6 O brasileiro é herdeiro da colônia, escravidão e ditadura, tendo que refazer a educação, deseducando e reaprendendo, para criar novos valores e novas relações. Ao lembrar-se do que fomos feitos, buscamos novos feitos, com a mente reeducada e construindo nova história. Quanto pesa uma droga, as visíveis e as invisíveis? Quanto vale uma droga, no âmbito da Matemática, seus quilos e porcentagens, seja da vida, seja da morte? Qual valor da vida, do nascer ao bem viver? Qual a Geografia das drogas, a Filosofia do amor-cuidado, a História das origens, Química do produto e do amor, a Sociologia da compreensão social e a Ciência que explica os fenômenos do corpo sem a maldição da Religião? Saber disso, e um pouco mais, é apostar que a vida seja livre e melhor vivida, tanto a sua como a do outro.
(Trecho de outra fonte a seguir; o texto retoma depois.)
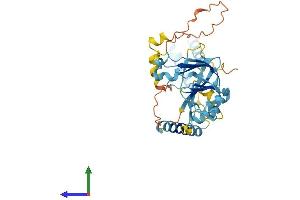 AlphaFold protein structure predicition of Human Recombinant C6orf89 Protein, UniprotID Q6UWU4 (C6orf89 Protein (AA 1-347) (His tag))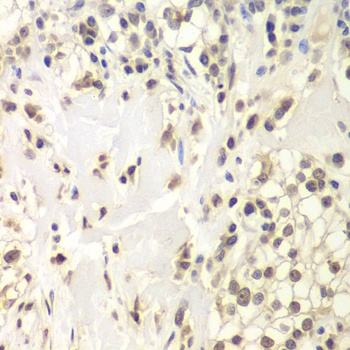 USP7 Antibody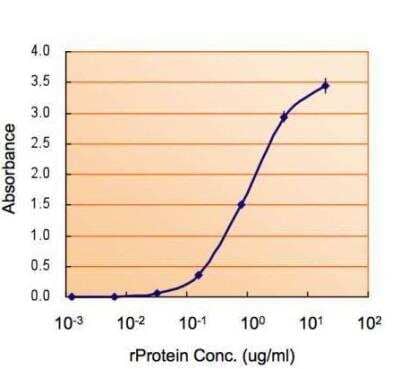 ELISA: Monoamine Oxidase B Antibody [NBP1-32426]
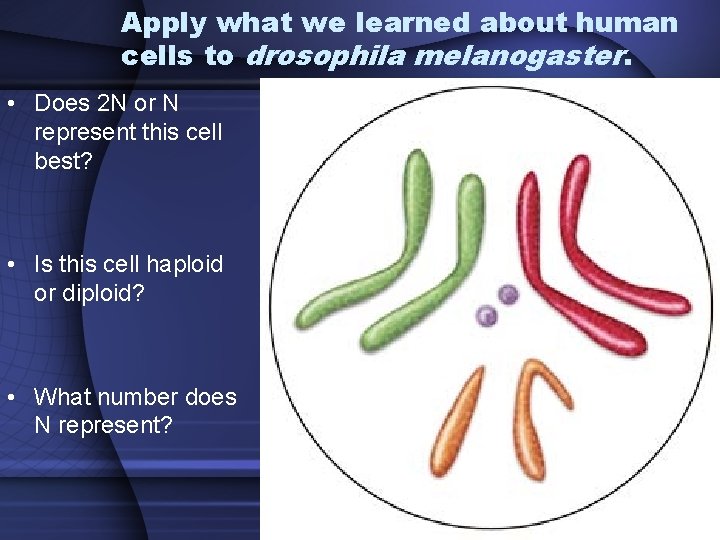 Apply what we learned about human cells to drosophila melanogaster. • Does 2 N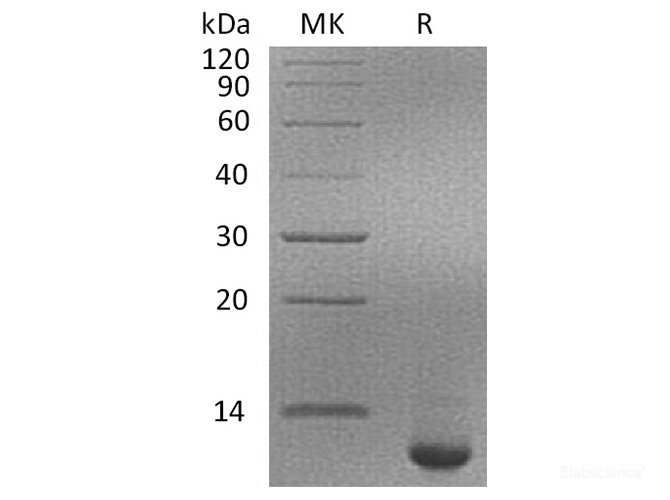 Recombinant Human Serine Protease Inhibitor Kazal-Type 4 Protein-Elabscience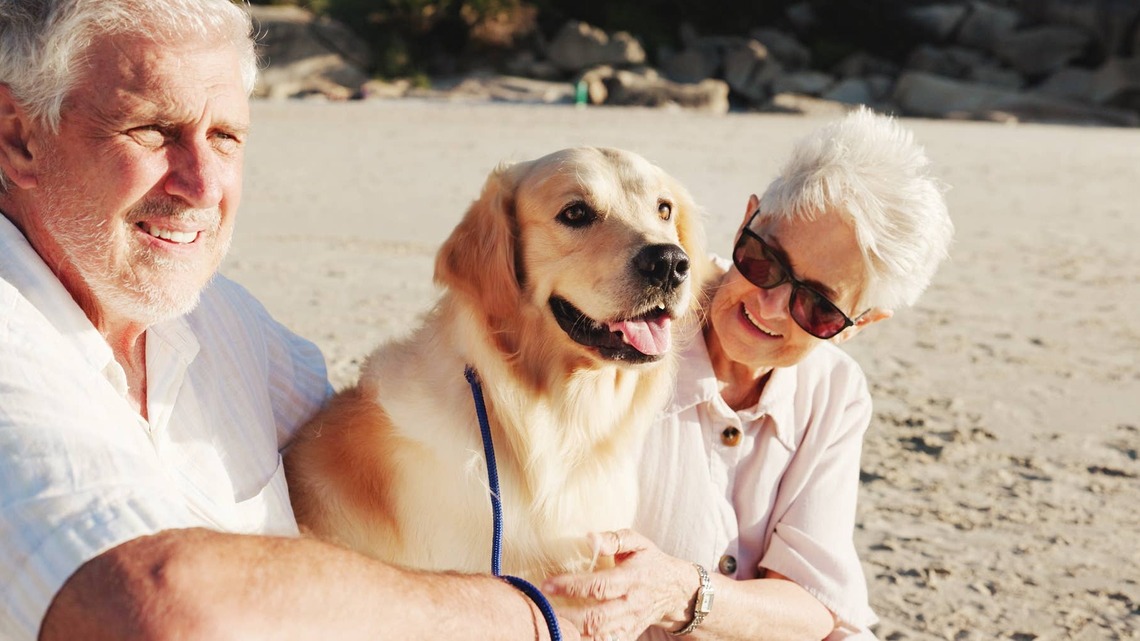 This Viral Video of Dogs Being Dropped Off at Their Grandparents' Is the Most Millennial Thing We've Ever Seen 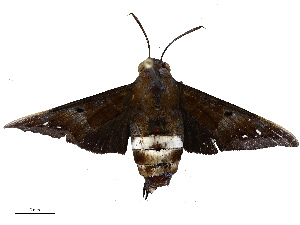  ( - CBG-B18746-D05)  @11 [ ] CreativeCommons - Attribution Share - Alike (2025) CBG Photography Group Centre for Biodiversity Genomics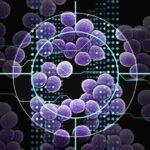 After screening 12 million commercially available compounds using AI, researchers at the Massachusetts Institute of Technology have discovered a drug candidate to terminate a potentially fatal skin bacteria.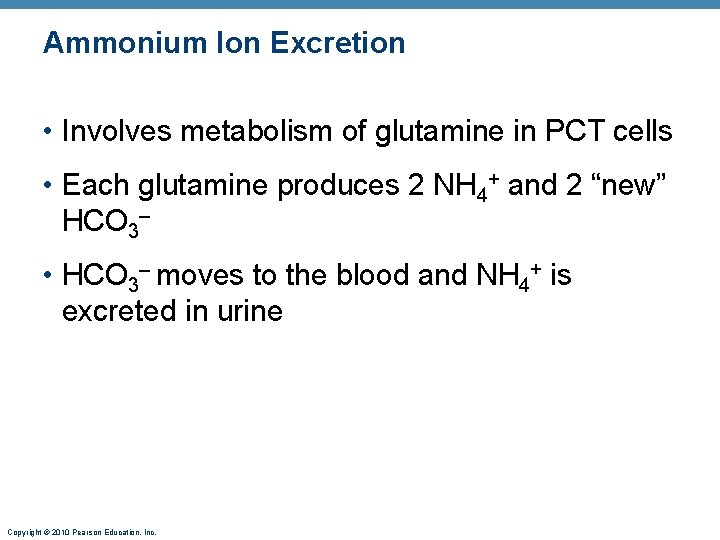 Ammonium Ion Excretion • Involves metabolism of glutamine in PCT cells • Each glutamine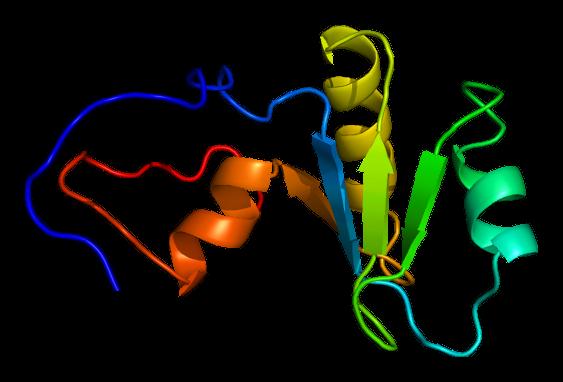 mrna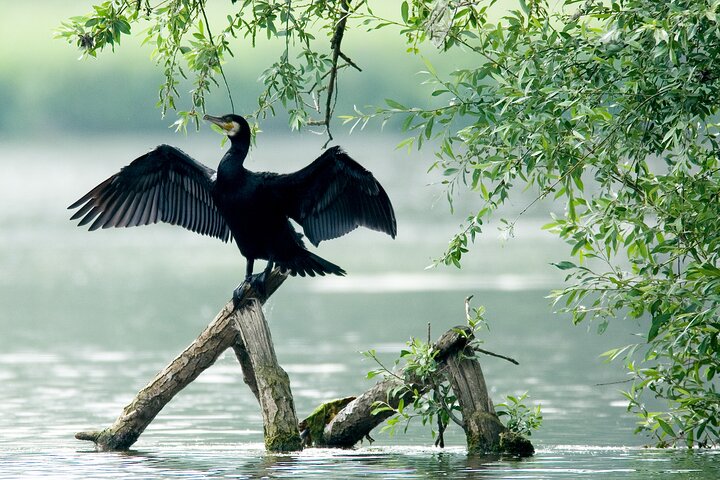 Naturskön flodkryssning genom Australiens unika Everglades-ekosystem i Noosa, foto 8 | wizardtrip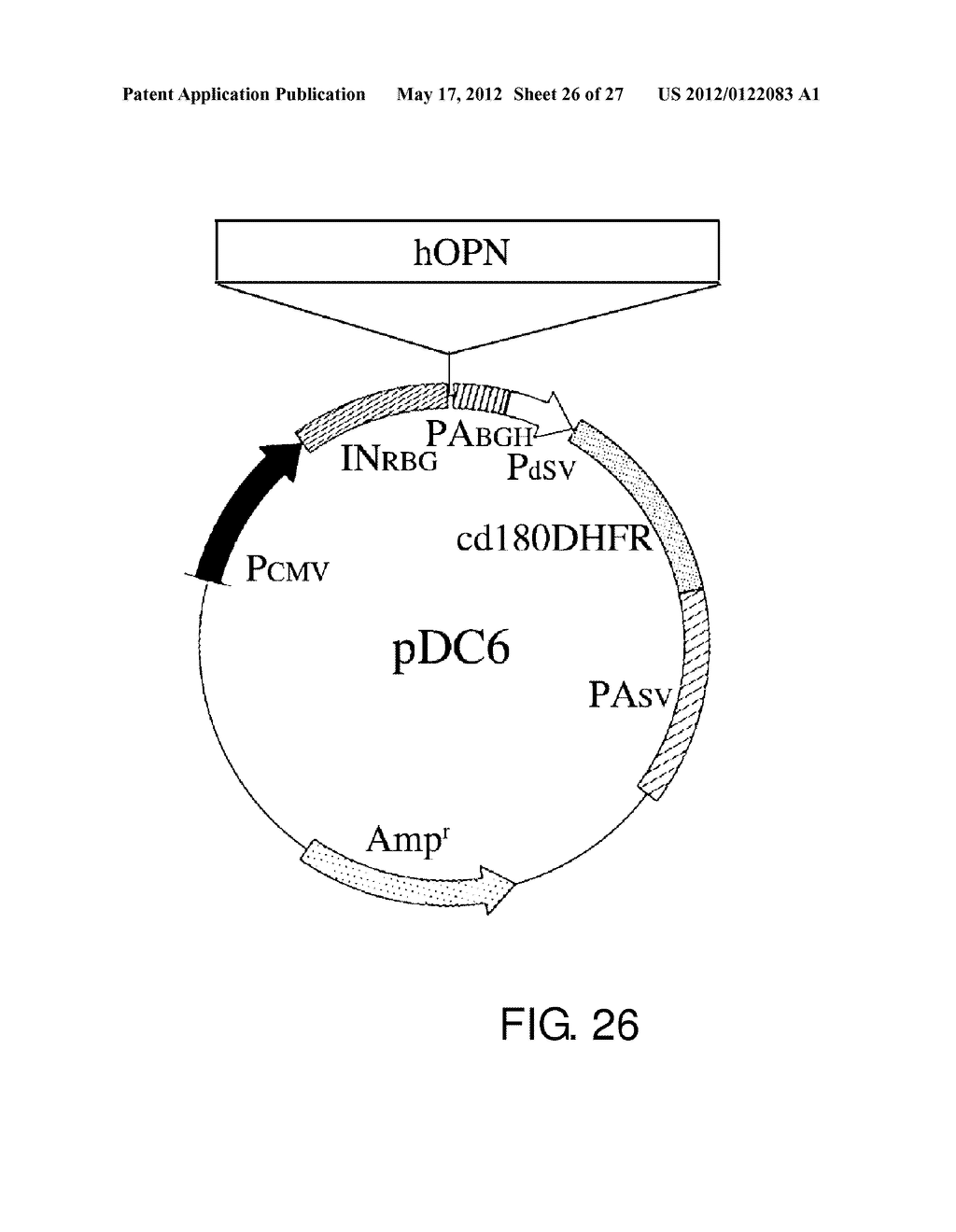 EXPRESSION VECTOR FOR PRODUCING PROTEIN DERIVED FROM FOREIGN GENE IN LARGE     QUANTITY USING ANIMAL CELLS, AND USE THEREOF - diagram, schematic, and image 27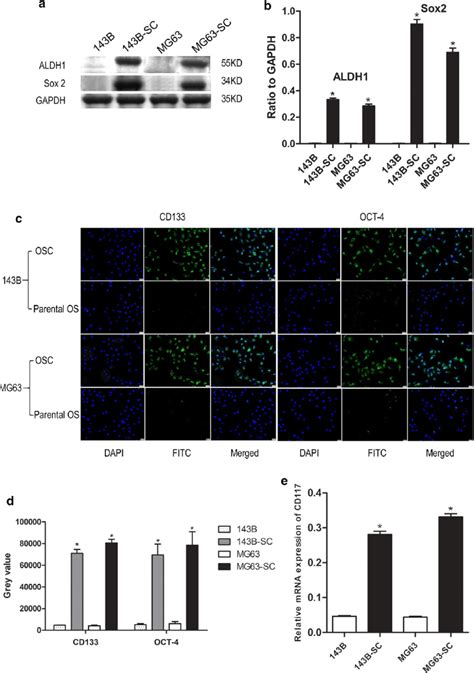 Measurement Of The Expression Of Targeted Genes Aldh Sox Cd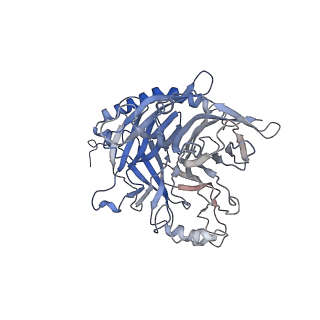 14842_7zny_A_v1-1
Cryo-EM structure of the canine distemper virus tetrameric attachment glycoprotein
Previna-se contra todo tipo de drogas, as invisíveis e as que se podem ver com as lentes da consciência de quem sabe e quer viver, mas não basta viver, é preciso viver bem, livre das drogas e sem medo de ser feliz, mas para ser feliz é preciso fazer a sua parte, a do indivíduo, da família, das religiosidades, da comunidade escolar, dos movimentos sociais, dos governantes e dos especialistas. Punir não é solução! Texto produzido no contexto do Curso de Prevenção do uso indevido de drogas para educadores das escolas públicas, promovido pela parceria Ministério da Justiça, Secretaria de Educação Básica/MEC, Secretaria Nacional de Políticas sobre drogas e Universidade de Brasília abril/2014 a outubro/2014.